Rôle N° RG 23/01253 - N° Portalis DBVB-V-B7H-BKVH6

S.C.I. L'AMANDIE

C/

[U] [D]

[O] [F]

Copie exécutoire délivrée le :

à :

Me Michaela SCHREYER

Me Julie O'RORKE

Décision déférée à la Cour :

Ordonnance du Tribunal de Grande Instance de DRAGUIGNAN en date du 03 Janvier 2023 enregistrée au répertoire général sous le n° 20/05761.

APPELANTE

S.C.I. L'AMANDIE, dont le siège social est [Adresse 3] - [Localité 8], prise en la personne de son représentant légal domicilié en cette qualité audit siège

représentée par Me Michaela SCHREYER, avocat au barreau de GRASSE, plaidant

INTIMES

Madame [U] [D]

demeurant [Adresse 6] - [Localité 1]

représentée par Me Julie O'RORKE, avocat au barreau de TOULON, plaidant

Monsieur [O] [F]

demeurant [Adresse 2] - [Localité 7]

assignation portant signification de la déclaration d'appel le 30/01/2023 à personne

défaillant

*-*-*-*-*

COMPOSITION DE LA COUR

En application des dispositions des articles 804 et 805 du code de procédure civile, l'affaire a été débattue le 25 Mai 2023 en audience publique, les avocats ne s'y étant pas opposés, devant Madame Laetitia VIGNON, Conseiller, faisant fon ction de Président de chambre et Madame Aude PONCET, Vice Président placé, chargés du rapport.

Madame Aude PONCET, Vice Président placé a fait un rapport oral à l'audience, avant les plaidoiries.

Ces magistrats ont rendu compte des plaidoiries dans le délibéré de la cour, composée de :

Madame Laetitia VIGNON, Conseiller faisant fon ction de Président de chambre

Madame Patricia HOARAU, Conseiller

Madame Aude PONCET, Vice Président placé

Greffier lors des débats : Madame Danielle PANDOLFI.

Les parties ont été avisées que le prononcé de la décision aurait lieu par mise à disposition au greffe le 06 Juillet 2023.

ARRÊT

Réputé contradictoire,

Prononcé par mise à disposition au greffe le 06 Juillet 2023.

Signé par Madame Laetitia VIGNON, Conseiller faisant fon ction de Président de chambre et Madame Danielle PANDOLFI, greffier auquel la minute de la décision a été remise par le magistrat signataire.

***

Mme [U] [D] et M.[O] [F] sont propriétaires indivis d'une parcelle cadastrée section B n°[Cadastre 5], située à [Localité 8], [Adresse 4].

La SCI l'Amandie est quant à elle propriétaire d'une parcelle voisine correspondant au lot n°10.

Par acte d'huissier en date du 3 octobre 2016, Mme [U] [D] et M.[O] [F] ont fait assigner en référé la SCI l'Amandie devant le tribunal de grande instance de Draguignan aux fins d'expertise.

Par ordonnance en date du 3 novembre 2016, le tribunal de grande instance de Draguignan a fait droit à cette demande et désigné M. [V] en qualité d'expert.

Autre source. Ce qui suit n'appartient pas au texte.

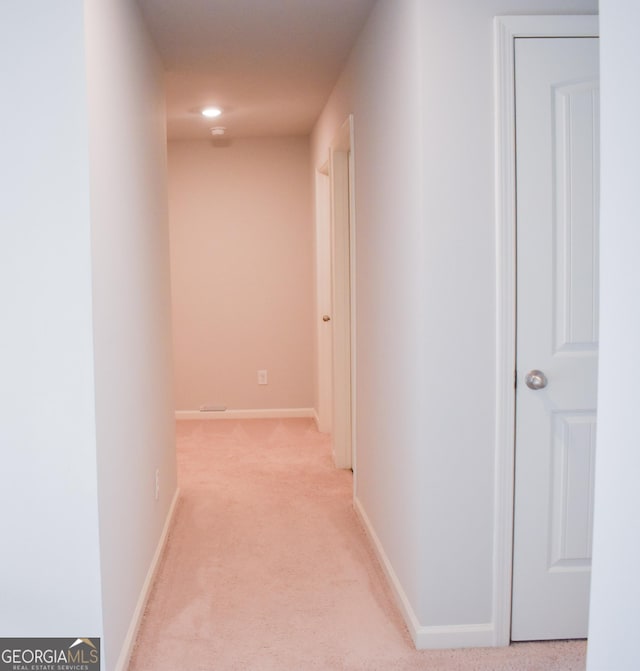 hallway with light carpet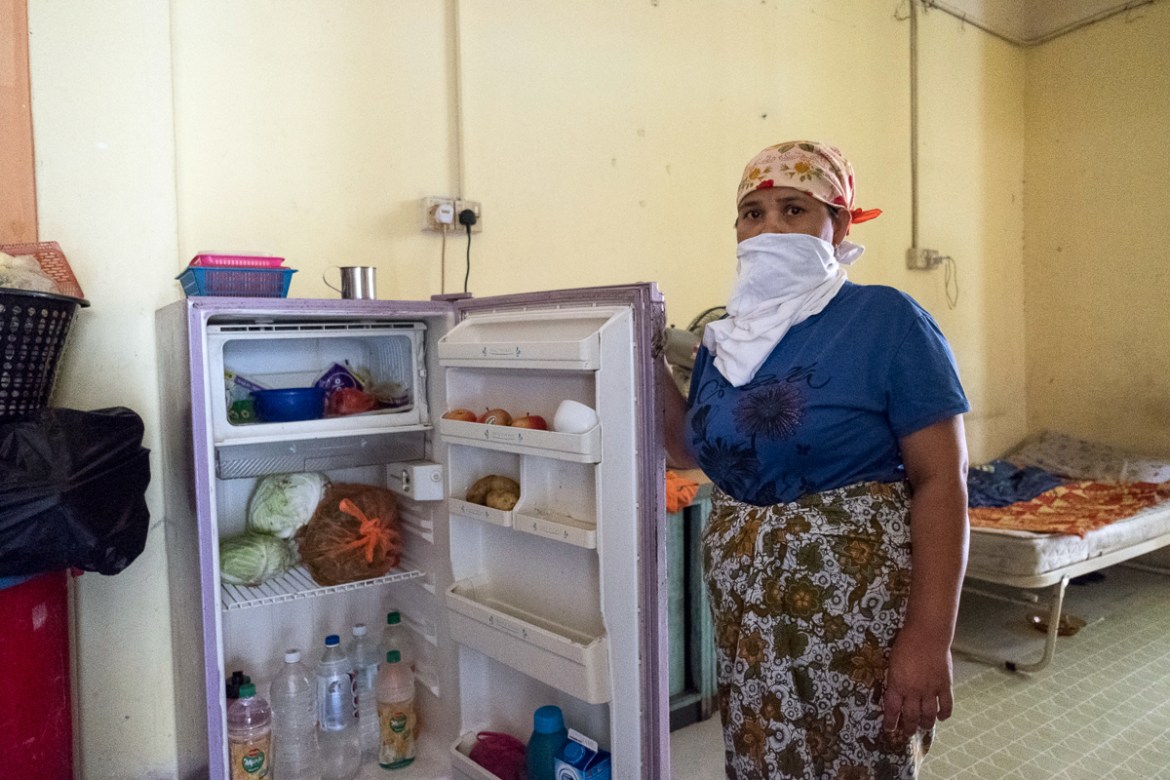 Nurjaan, 53 years old, covered her face with an improvised mask while posing for a portrait in her kitchen. Nurjaan''s daughter, Halayda, 24 years old, explains the financial difficulties they are faci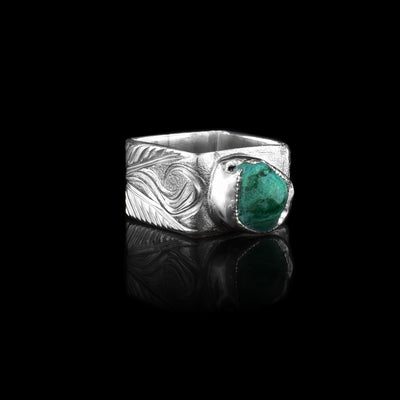 This aquamarine silver ring has a heavy gauge and wide band. The band also has a square shape and there are swirling carvings made across the band depicting flowers. There is a roughly cut aquamarine gem set on top of the ring.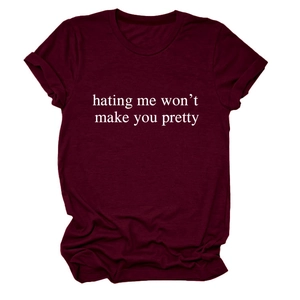 Detail of burgundy T-shirt with white slogan hating me won't make you pretty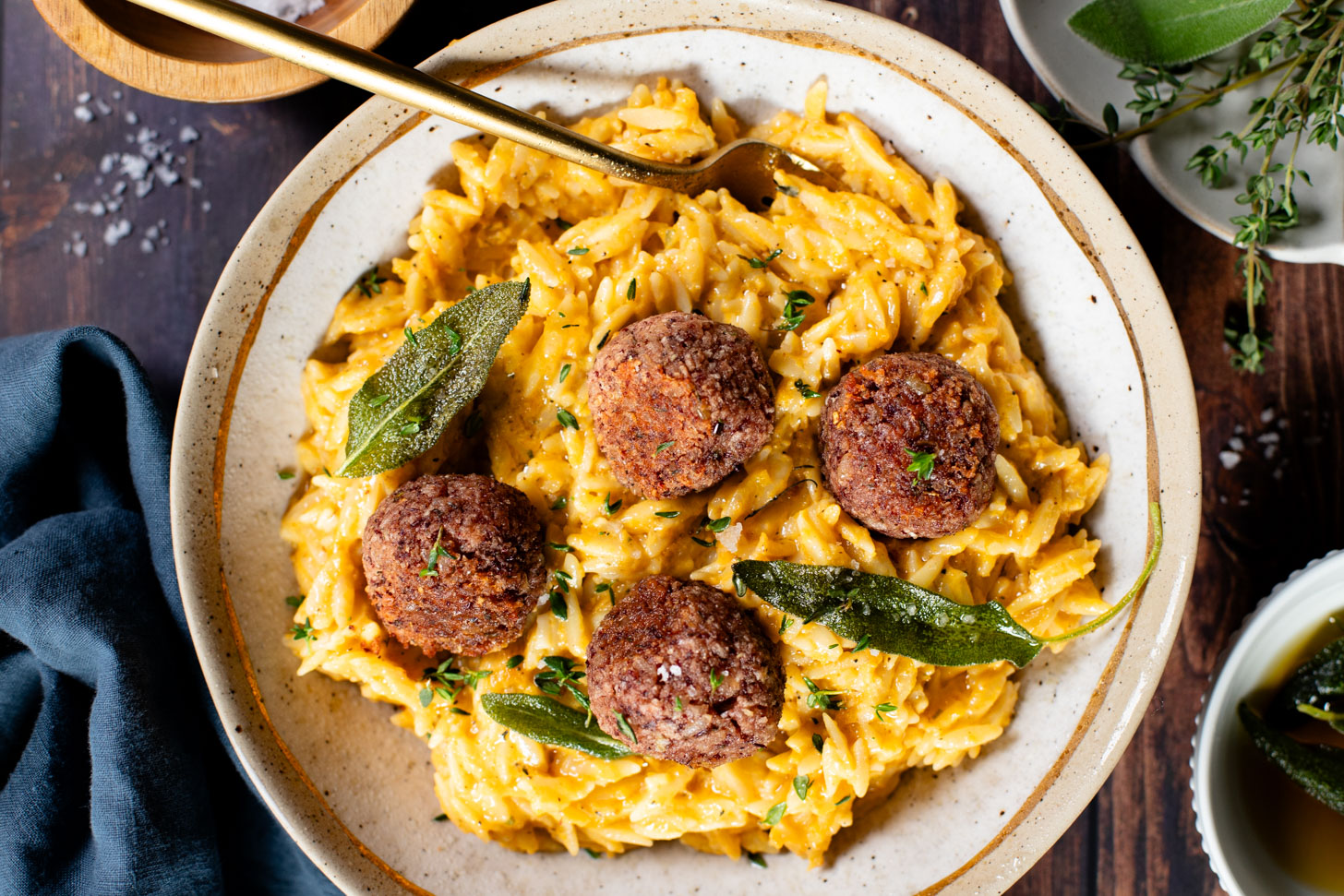 This Butternut Squash Orzo & Bean Meatballs recipe is a fall dinner dream! Orzo tossed in a butternut squash sauce, kidney bean "meatballs" and vegan brown butter & sage drizzle | ThisSavoryVegan.com #thissavoryvegan #veganmeatballs #falldinnerrecipes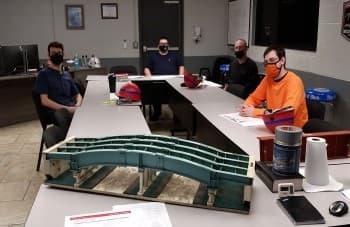 High Steel University coworkers in class studying bridge model.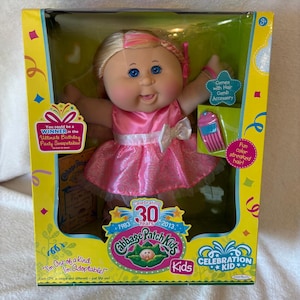 May include: A Cabbage Patch Kids doll with blonde hair featuring pink streaks, blue eyes, and a pink satin dress with a white bow. The doll is packaged in a yellow box with text including Celebrating 30 Years, 1983-2013, and a hair comb accessory.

Sa mission initiale a été élargie par ordonnance du 3 juillet 2018.

Le rapport d'expertise a été rendu le 14 juin 2019.

Par ordonnance de référé du 25 novembre 2020, le tribunal judiciaire de Draguignan a autorisé la SCI l'Amandie à pénétrer sur la parcelle des consorts [D]/[F] aux fins de réalisation des travaux préconisés par l'expert, avec astreinte en cas d'empêchement ou d'opposition.

Par ordonnance de référé du 13 juillet 2021, le tribunal judiciaire de Draguignan a notamment liquidé l'astreinte prévue par l'ordonnance de référé du 25 novembre 2020 et a condamné Mme [D] à payer à ce titre la somme de 2 500€.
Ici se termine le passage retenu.